Юный Кипренский превзошел всех своих сверстников в стремлении постичь законы красоты. Он проводил сотни часов за копированием холстов классиков мировой живописи. Академические профессора ставили ему первые номера за великолепные рисунки с античных слепков, за натурные этюды. И вот годы школы позади. Видит бог, он не жалел сил, отдал свою энергию познанию сложного ремесла живописца, стал изумительным рисовальщиком. Когда же по окончании в 1803 году Академии Кипренский не получил заграничной командировки, молодой художник принялся с неистовством писать с натуры и его зрелое, превосходное мастерство в соединении со свежестью и первичностью видения мира потрясло всех. Он очень быстро стал героем всех выставок.

«Автопортрет» 1808 года... Поразительно трепетна живопись этого холста. Легкие, как дымка, Валеры смягчают энергичную и сочную кладку картины. Благороден колорит. Но особенную прелесть и живость изображению придают бегущие блики света, легко намеченные рефлексы и обобщенно взятые тени.

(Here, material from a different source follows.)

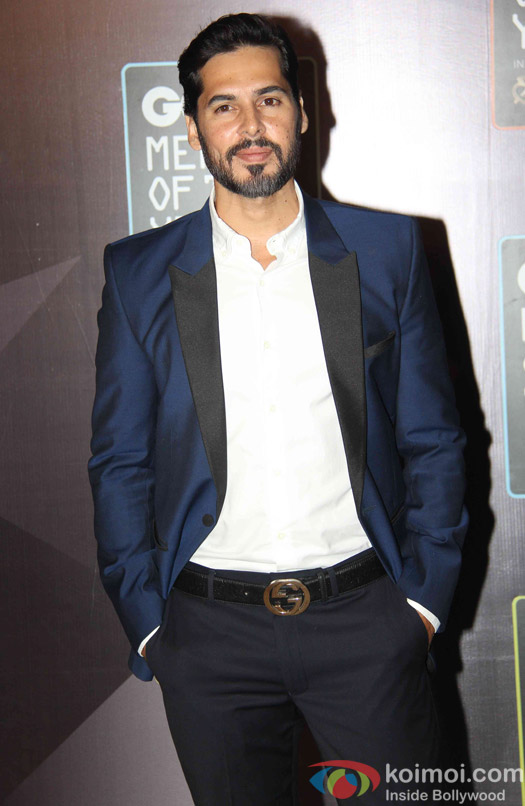 Dino Morea during the GQ Men of The Year Awards 2015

Необыкновенно юн, по-детски открыт пристальный, чего-то ожидающий взгляд молодого человека. В нем ощущаются затаенная грусть и раздумья. Сам облик мастера: его курчавые каштановые волосы, красиво обрамляющие высокий, выпуклый, чистый лоб лишь с еле заметной тенью забот, легшей между дуг бровей,  нервные ноздри, будто вздрагивающие от напряжения, мягкая линия маленького рта, ямочка на подбородке, утопающая в свободно повязанном розовом шейном платке, небрежно накинутый на плечи плащ — все рисует нам образ романтический, полный поэзии и тайны. Неотразимый магнетизм юности чарует зрителя в этом автопортрете. Какая-то духовная открытость, приветливость отличают великолепно исполненное полотно. Живописец прожил всего четверть века и достиг той счастливой поры, когда годы учения в Академии художеств, кропотливого труда, изучения классиков и ожидания позади. И вот кисть виртуоза стремительно и непогрешимо намечает тончайшие валеры, создаст тот драгоценный слиток света, теней, нюансов розового, серого, коричневого и умбристых цветов, ощущения впервые увиденного, прекрасного, что отличает жемчужину искусства от обычной картины. Весь облик художника — непринужденность. Здесь полностью отсутствует скованность, которая порою присуща жанру автопортрета, когда живописец как бы невольно привязан к зеркалу и мольберту.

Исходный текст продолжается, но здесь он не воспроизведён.